В купе он снял пиджак, развязал галстук, с облегчением опустился на диван.
– Давай знакомиться. Волков Алексей Владимирович. – Голос у него был какой-то ржавый, отрывистый. – Значит, ко мне в переводчики? Я вот до семнадцатого в «Крестах» сидел и на Таганке, семь лет ссылки отвалял, политграмоту одолел, а языкам не выучился.
Из чемодана Алексей Владимирович достал бутылку нарзана, разлил по стаканам:
– Пей – не болей!
Поезд тронулся. Павел тоже переоделся, остался в пижаме и тапочках. Волков долго смотрел на него с непонятной улыбкой, потом вдруг спросил с той долей простодушной хитринки, которая звала к откровенности:
– Где сейчас твои Вольфштадты?
– Там же, где жили, – не успев удивиться, ответил Павел.
– Что ж не навестил их?
– Некогда было.
– Плохо, Клевцов, плохо! – Он отвернулся, с минуту глядел на бегущие в окне подмосковные леса. – Они же тебя поили-кормили, в люди вывели…

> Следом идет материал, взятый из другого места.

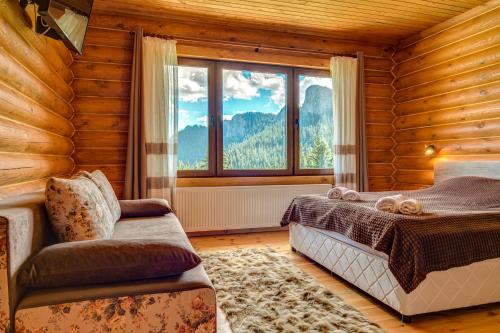 a bedroom with a bed and a chair and a window at Вила Морава in Pamporovo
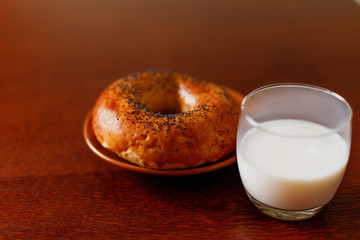 A glass of fresh milk and a delicious bagel with poppy on a wooden table. Healthy food.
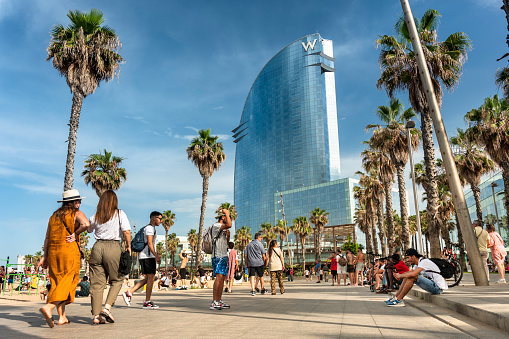 Barcelona, Spain - June 12, 2022:  People walk along the palm tree lined boardwalk by the hotels and outdoor restaurants on the Barceloneta Beach sand shore on the Balearic sea in Barcelona Catalonia Spain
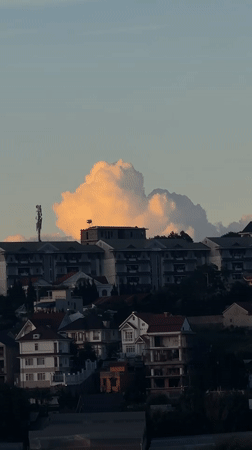 Illuminated cloud formation recorded over Da Lat hillside buildings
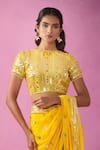 Shop_Kunwaraniritu_Yellow Georgette Embroidery Sequin Boat Neck Polka Dot Saree With Blouse _Online_at_Aza_Fashions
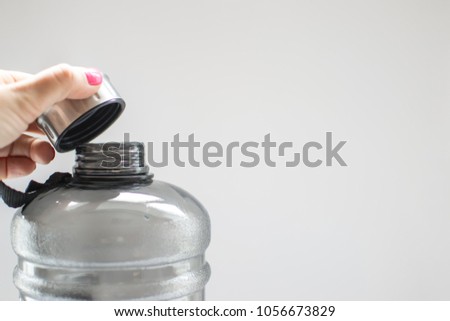 hand holding sports bottle grey on a light background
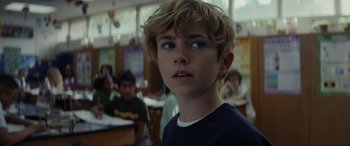 Movie still from “Secret Headquarters” (2022), directed by Henry Joost – A young boy is looking into the distance; Close Up shot, Over the shoulder angle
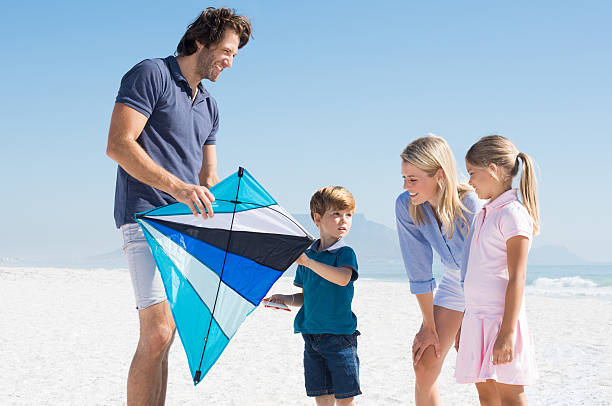 istock Family playing with kite 517225460
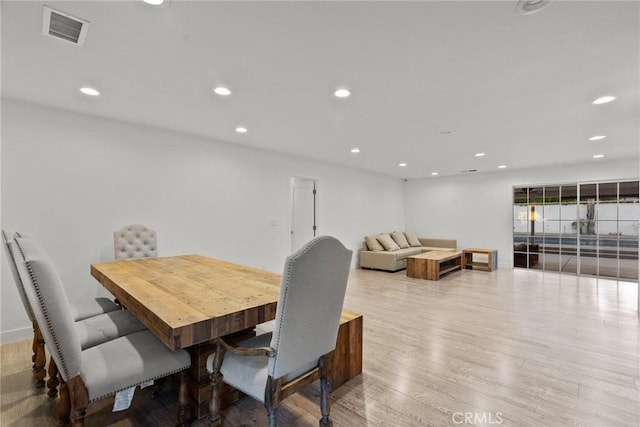 dining area with light wood-type flooring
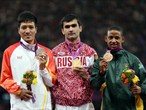 Gocha Khugaev of Russia poses with his gold medal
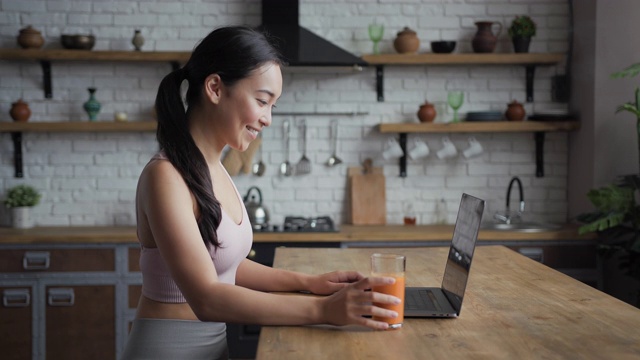 健康的亚洲女性用手提电脑，发短信，喝新鲜果汁，侧视图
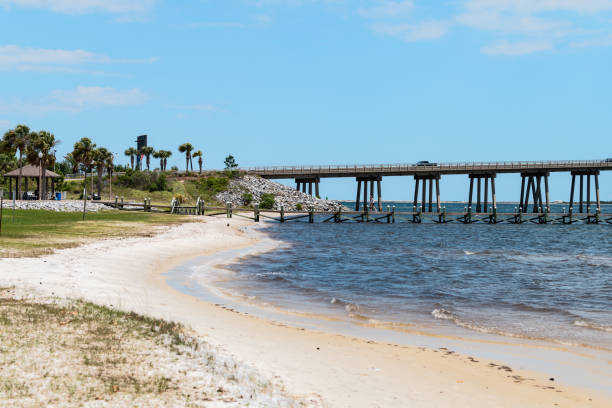 navarre park coast beach, people walking on wharf pier boardwalk by ocean water with pensacola bay bridge, gulf of mexico, florida panhandle in emerald coast - highway 94 imagens e fotografias de stock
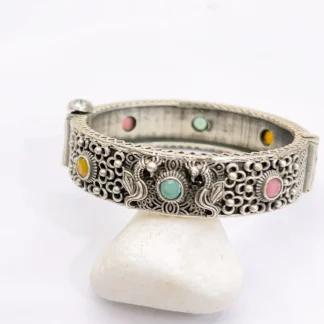 Shop a multicolor filigree cuff bracelet with pink, green and yellow decorative stones, ornate silver-tone detailing and a bold statement design.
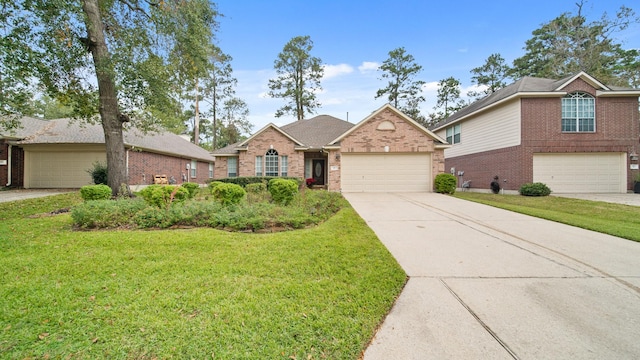 view of front of home featuring a garage and a front lawn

– Да я в отпуске не был какой год!
– А жениться успел? – не то с осуждением, не то с одобрением проговорил Волков.
– Вы что? Рентгеном меня просвечивали? – Павел сердито засопел: он не любил, чтобы кто-нибудь вмешивался в его личные дела.
– Ладно, я ведь по-свойски. Знаю, работал много.
– Время такое, война на носу, – буркнул Павел.
Он, конечно, не мог знать подробностей предшествующих событий. Пакт о ненападении между СССР и Германией Клевцов, как и многие военные, воспринял с недоумением и тревогой. В газетах сообщалось о советско-англо-французских переговорах, и вдруг приехавший в двадцатых числах августа 1939 года фашистский министр иностранных дел Риббентроп подписывает договор о ненападении…
– Ты прав. – Волков, угадав состояние Павла, стал серьезным. – Гитлер без единого выстрела захватил Австрию и Чехословакию. После Мюнхена Чемберлен похвастался: мол, как в футболе, защитил английские ворота и перенес войну на восток. Тоже мне, вратарь от дипломатии… На самом же деле он вместе с французом Даладье подвел мир к войне. Но с нами воевать фашисты тогда не решились. Говорили, будто Гитлер сам собирался приехать в Москву, если бы сорвалась миссия Риббентропа. А вот Польшу они растерзали. Потом напали на Францию, бомбят Англию…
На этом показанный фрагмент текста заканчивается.